How Brexit Impacts China – Barron’s Asia

Brexit was a major shock to the global financial market and the global economy. The full impact is still to unfold, as the exiting procedure could be complicated and could take multi-year negotiations. In our assessment, the near-term economic impact of Brexit on China is likely to be limited, but it could have important implications on China’s exchange rate policy operation, the strategy in capital account liberalization, and monetary policy operation.

The existing exchange rate regime, in which daily fixing is jointly determined by trade-weighted index (TWI) and closing spots on the previous day, has gradually gained credibility and mitigated capital outflow and CNY depreciation pressure in the past 3-4 months. In practice, the new regime looks like a dirty basket peg, in which TWI is relatively stable on daily basis to offset volatility in major currencies, but over time TWI has exhibited a downward slope (China Foreign Exchange Trade System (CFETS) moved lower from 100 in early February to 95.3 now). The increasing credibility of the new regime has benefited from much improved communication from the central bank, the consistency between policy elaboration and daily fixing practice, strengthened rules to contain capital outflows, as well as a weak USD environment.

Brexit could potentially affect the dynamics of major currencies, e.g. last Friday GBP and EUR depreciated against the USD significantly but JPY appreciated. This could lead to larger volatility in the global FX market, likely an upward bias to our current forecast of relatively stable USD index for the rest of the year. In such a scenario, while we expect the PBOC will not deviate from the current exchange rate regime, the strategy could be fine-tuned. In particular, CNY TWI will likely be stable for the rest of the year, or the downward slope as observed in recent months could become much flatter, to avoid large CNY depreciation against the USD. On Monday the PBOC set the daily fixing at 6.6375 (vs. 6.5776 on Friday), with CFETS relatively stable at 95.25. We maintain our forecast of USD/CNY at 6.75 at end-2016, but this is more likely to be driven by USD strength rather than TWI depreciation.

Risk-off related to Brexit could trigger concerns about capital outflows from emerging markets.

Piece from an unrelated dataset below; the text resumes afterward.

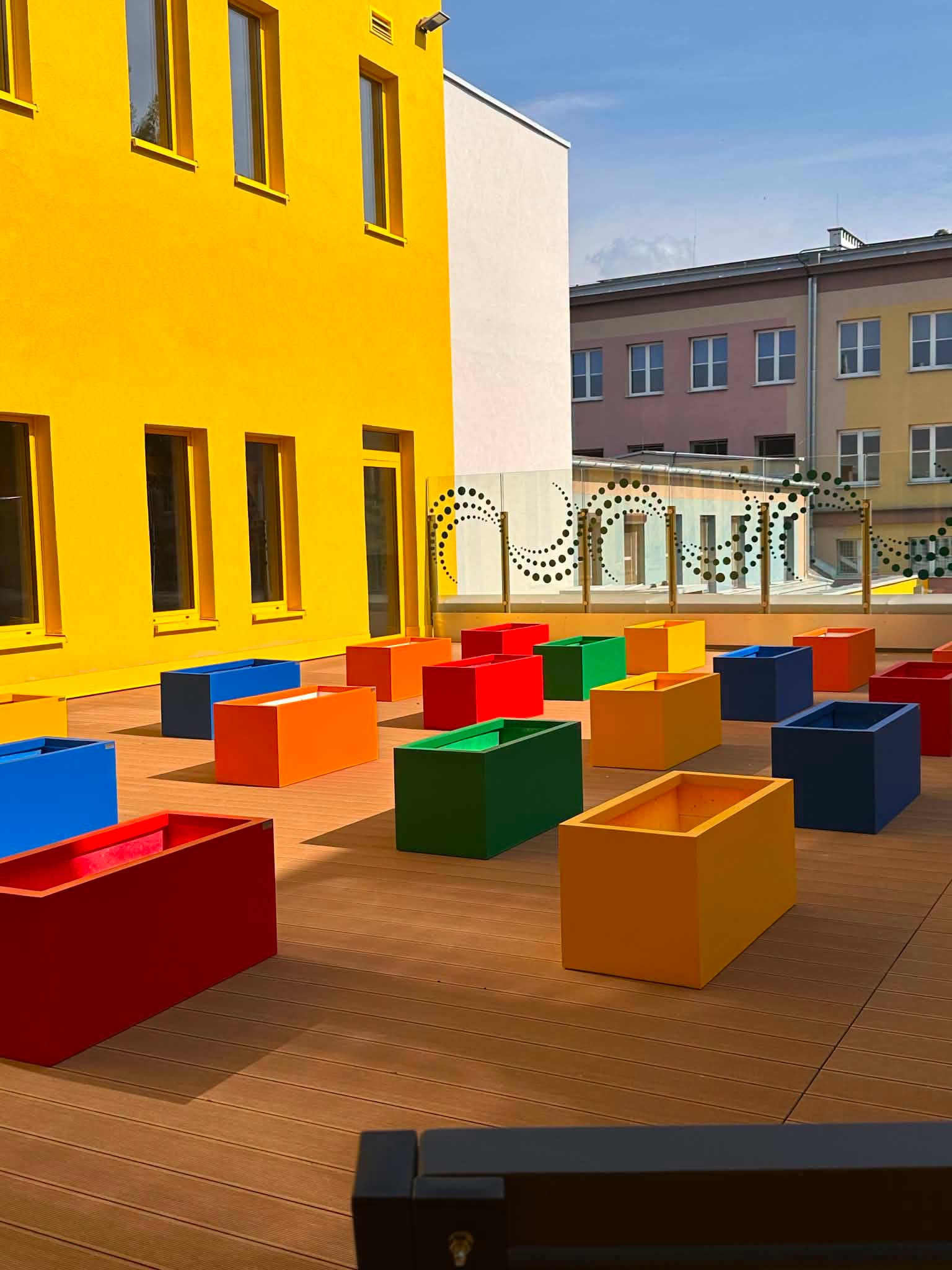 szkoła z zewnątrz z żółtą elewacją i z kolorowymi siedziskami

In China’s case, capital account is not fully liberalized, but capital outflow has been a major policy concerns in recent years. Brexit could strengthen the asymmetric strategy in capital account openness in China, i.e. continue to make further progress to encourage capital inflows, but cautious in moves on capital outflows.

Brexit also reinforces our view that China’s monetary policy will stay neutral rather than shift towards tightening. The lower-than-expected total social financing (TSF) figures in April and May raised the question whether monetary policy will see a major shift from being accommodative in 1Q to tightening going forward. In our interpretation, the adjustment is to remove expectations on monetary stimulus, but “monetary policy will be appropriate” implies that monetary condition will not reverse the direction toward tightening, and it could have a slight easing bias if the macro situation weakens again (we expect one 25 basis point rate cut in 4Q when the growth slows down to 6.3% quarter-on-quarter saar vs. 7%q/q saar in 2Q). In particular, after Brexit, major economies are biased towards additional monetary easing or slower pace in monetary policy normalization. For instance, our global team now expects two rate cuts from Bank of England (July and August), further easing from the European Central Bank, and a postponed rate hike by the Fed from September to December.

Lastly, the trade impact of Brexit on China tends to be limited. UK only accounts for 2.6% of China’s exports; EU is more important, accounting for 13% of China’s exports. However, Brexit is unlikely to directly change the bilateral trade relationship between China and EU/UK, instead it is via indirect impact, e.g. by economic slowdown in the UK and EU, and it could be offset by UK/EU seeking closer trade relationship with China and the rest of the world as a risk-management strategy.